The sad thing is now I think his owners will be keeping him. And he will continue to be just a pasture pony.

Also can you critique a young pony at 6 months old? I know that horses can grow through gawky stages so wondering if you can tell from a young pony what his conformation should ultimately turn out into?


----------



## Jill (Jul 21, 2009)

Bonny ---

Here is a link that goes over some basics on conformation and on page 4, it illustrates ewe neck with sketches:

http://imsonline.tamu.edu/Courses/Samples/...ocs/8893BST.pdf

I'm sorry he's not getting to come home with you.

Jill


----------



## Bonny (Jul 21, 2009)

Jill thanks Its hard I am still learning.

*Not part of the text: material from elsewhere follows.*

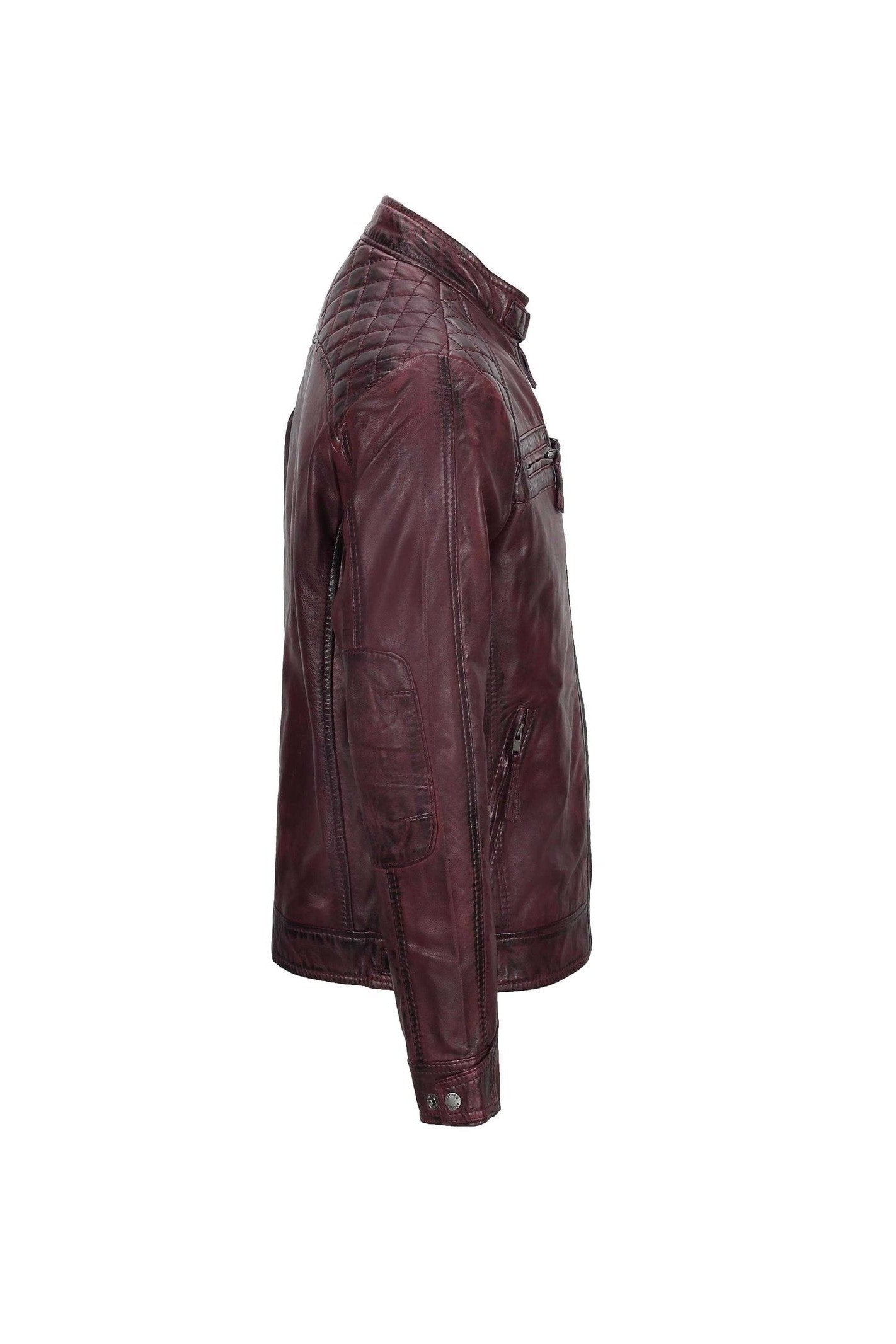 Mens Real Leather Antiqued Wash Wine Maroon Vintage Slim Fit Biker Style Jacket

I did take a quick pic of Bonny if yall will critique her from this pic, she was turning towards me so her front isnt square.

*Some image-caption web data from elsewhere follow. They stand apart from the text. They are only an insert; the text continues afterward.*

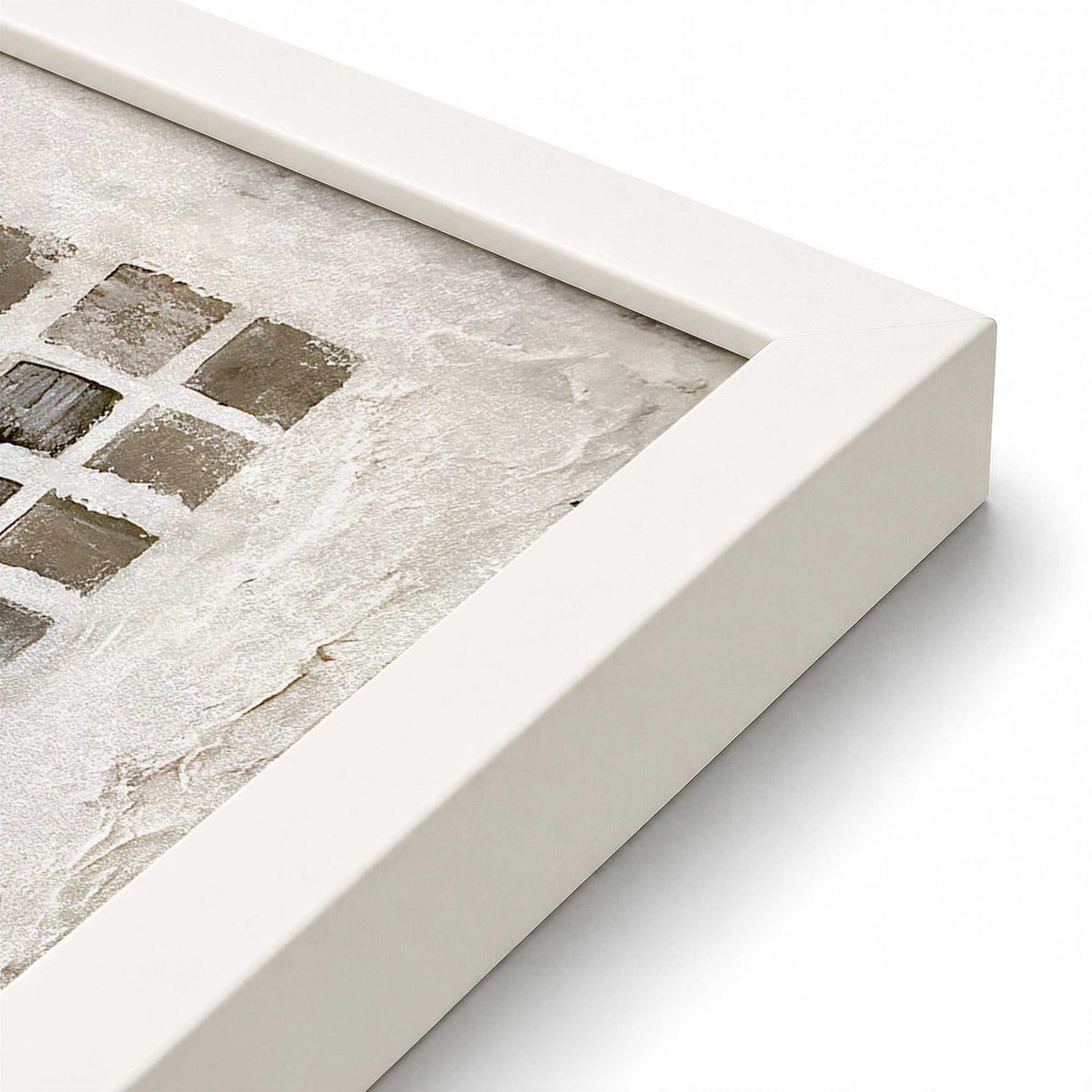 [Color:Opaque White], Picture of art in a Opaque White frame at an angle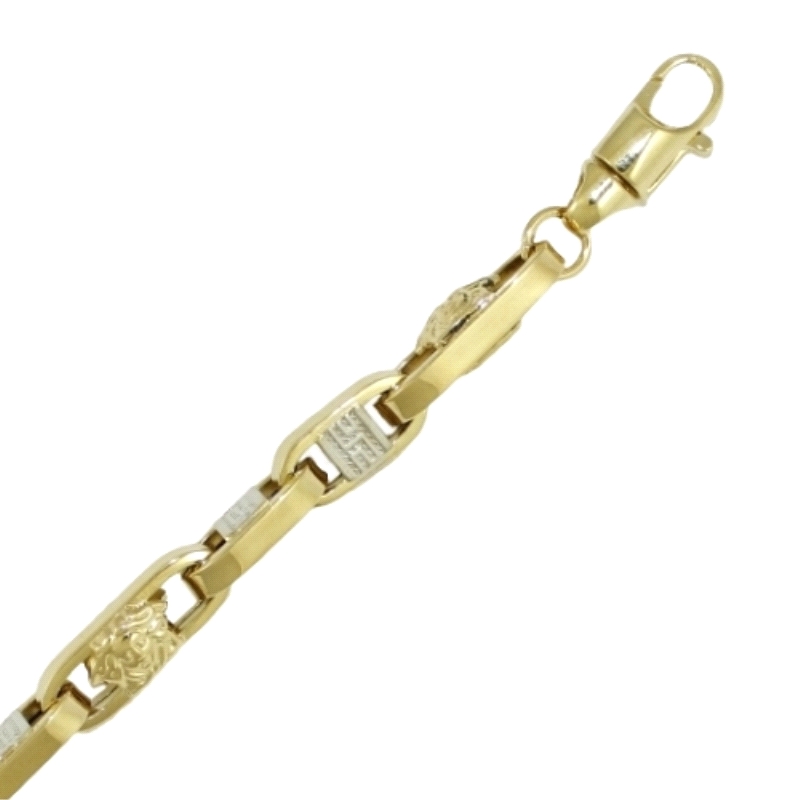 <STRONG>Pulsera&nbsp;oro</STRONG> 18 kiltes&nbsp;bicolor&nbsp;hombre.<BR>Esta&nbsp;pulsera está formada por eslabones lisos con&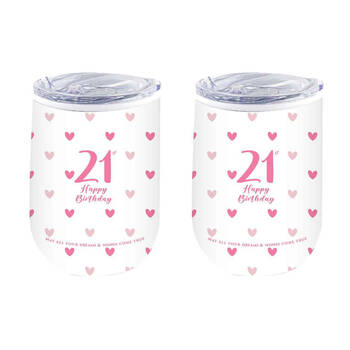 2PK LMD 21st Sweet Heart Double Walled Insulated Mug 360ml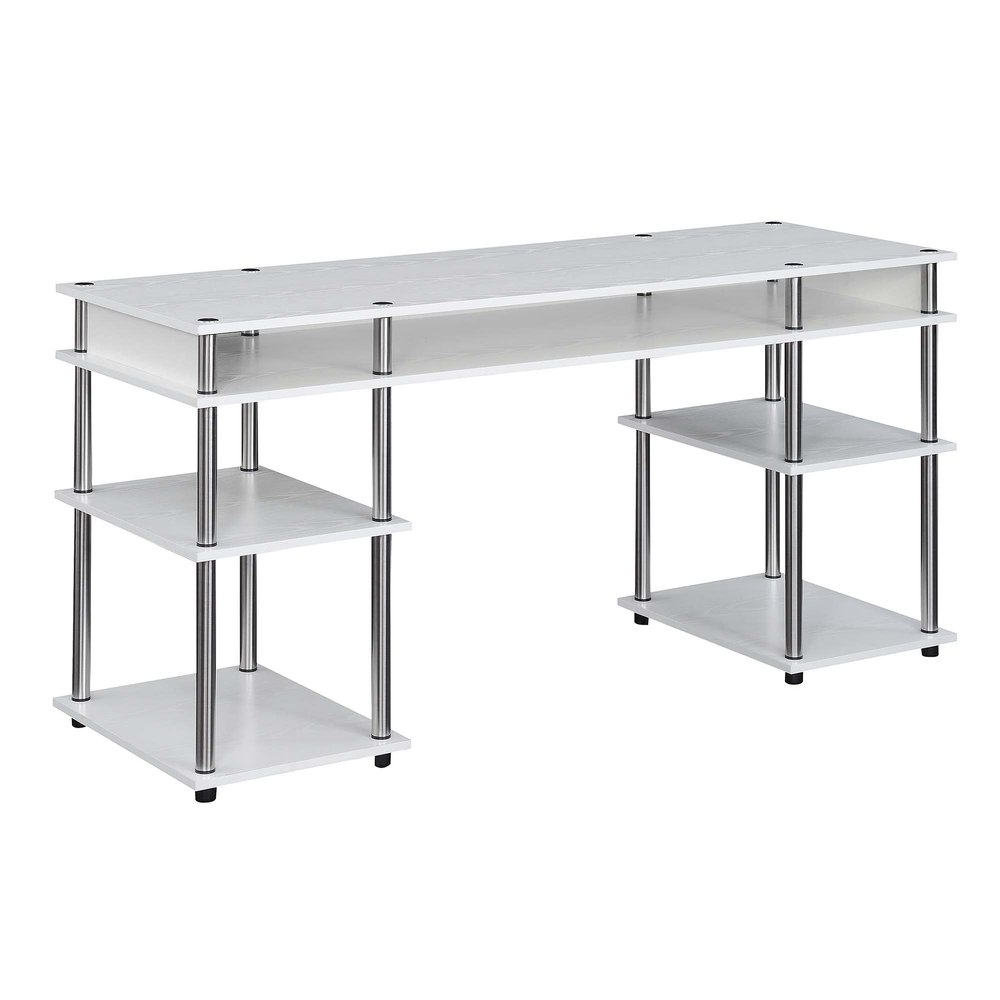 Convenience Concepts Designs2Go No Tools Deluxe Student Desk with Shelves, 60", White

And she is 4 month out of foaling so she is not back to condition yet.






Thanks yall this helps me learn so much


----------



## muffntuf (Jul 21, 2009)

I will agree confirmation is confirmation - but in the pony world, its a little different.

Quite a few pony bloodlines will have what looks like a ewe neck when they are lacking weight in the proper places. Actually it is the hinge that you find lacking in miniatures and stock type horses. The ewe neck will go away with some added weight and conditioning.

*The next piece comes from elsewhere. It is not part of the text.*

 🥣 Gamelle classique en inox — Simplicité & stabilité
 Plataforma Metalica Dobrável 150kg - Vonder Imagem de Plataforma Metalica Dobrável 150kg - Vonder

This hinge allows the pony to pick and tuck its head in well while driving.

This is one of my boys:











Without the weight on him, he would look like Bonny's boy.

This is a filly, who is a bit underweight. You can see the hinge (or ewe type effect) she is in right now. But today, you can't see the pronounced ewe neck.






And finally here is another filly, missing a lot of weight - you can see the hinge (ewe neck) very pronounced her.






This is her today:


----------



## Bonny (Jul 21, 2009)

Thank you, that makes a lot of sense to me






Your ponies are gorgeous MuffnTuf





Can I ask about the dark filly, with the white socks, is it her age or weight making her look so bum high?

I ask because my 6 month old pony has a bit of bum highness and an ewe effect on the neck. The weight issue cleared up the ewe neck as he is still trying to put weight back on from that bout last week. His Mom was a paint horse so he may also get that from the pony and stock horse side. plus arent most stock horses a bit bum high also?


----------



## disneyhorse (Jul 21, 2009)

I am one who believes that weight is NOT conformation. A horse's conformation comes from it's bone structure, and the muscle mass/ fat on top only enhances the conformation and can help hide conformational flaws.

I know what the "hinge" that muffntuff is speaking of... many of the hackney bred Modern Shetlands do have this valuable "hinge." The hinge is a dip or flat spot right in front of the withers. This allows the pony, who is required to carry their necks straight up and fold their heads inward... to have a "place" to put the top part along the crest of the neck. That ligament has to go somewhere.

However, there is a difference between a pony with a ewe neck and a pony with a "hinge" to its neck. They are different parts of the pony.

The pony that this critique refers to, does seem to have a ewe neck. The top crest is mostly missing, and the bottom part of the neck along the throat bulges outward greatly. This is also sometimes called an "upside down" neck, because generally horses should have a lot more muscle mass along the top of the neck than the bottom.

This conformational flaw can be REDUCED by lots of work (bitting up the horse to build muscle along the top) and some weight (building fat along the top of the neck) but NATURE will have this horse tend towards being heavier along the bottom of the neck.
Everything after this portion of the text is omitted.